One of my favourite humour writers is Miles Kington, who seems to have started life as a very knowing baby. In his book Someone Like Me readers are asked to believe that even in his pram he knew the difference between “Hoochy coochy coochy!” and his brother’s “I’m going to kill you, you little ...!” And that on his first day at kindergarten he amazed the teacher with a deeply philosophical remark, although he soon reverted to childish pursuits like sticking dried pasta shapes onto paper.
In this memoir of his early life, Miles Kington describes many things about the Kington family, some of which could even be true. In a series of short pieces he launches into anecdotes that start ordinarily enough but develop into vivid, quirky accounts of family doings guaranteed to make readers laugh and to wish the Kingtons would invite you to dinner.

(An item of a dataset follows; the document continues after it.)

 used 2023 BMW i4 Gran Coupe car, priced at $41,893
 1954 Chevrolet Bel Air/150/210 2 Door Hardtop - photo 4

Kington’s father, the subject of many of the pieces and clearly an intellectually curious and lateral thinking man, used to rehearse tongue-twisters like “The Leith police dismisseth us” in case he was ever pulled over by a traffic policeman and suspected of being drunk in charge. He used to take his own sausages when staying in hotels. As a result of reading the Narnia stories he was convinced that terrible things happened to people in wardrobes and he refused to go near them.
He invented things, among them a gadget designed to pull a hot water bottle slowly out of a bed while the occupant slept. (Why?) The experiment was abandoned when Mr Kington’s big toe became entangled in the string. He also built a bird feeder which was burgled by squirrels, so he and his son invented a squirrel feeder like a lazy machine gun that fired nuts one at a time. The birds got their own back and found a way to help themselves without triggering the mechanism.
This was a man who made insurance history when he was involved in a two-car traffic accident in which he was legally in charge of both cars. He was delighted with the resulting confusion, although both insurance companies weren’t, at least until they saw the funny side of it and the case became an urban legend.
These were people who, over dinner, could argue fiercely about liquorice allsorts, and finally decide that the ones with little multi-coloured beads stuck all over the outside had been inspired by a French impressionist painter, to become the first pointilliste sweet. It is no surprise that Miles Kington grew up to become a popular humorous columnist who invented the fractured French/English language known as Franglais.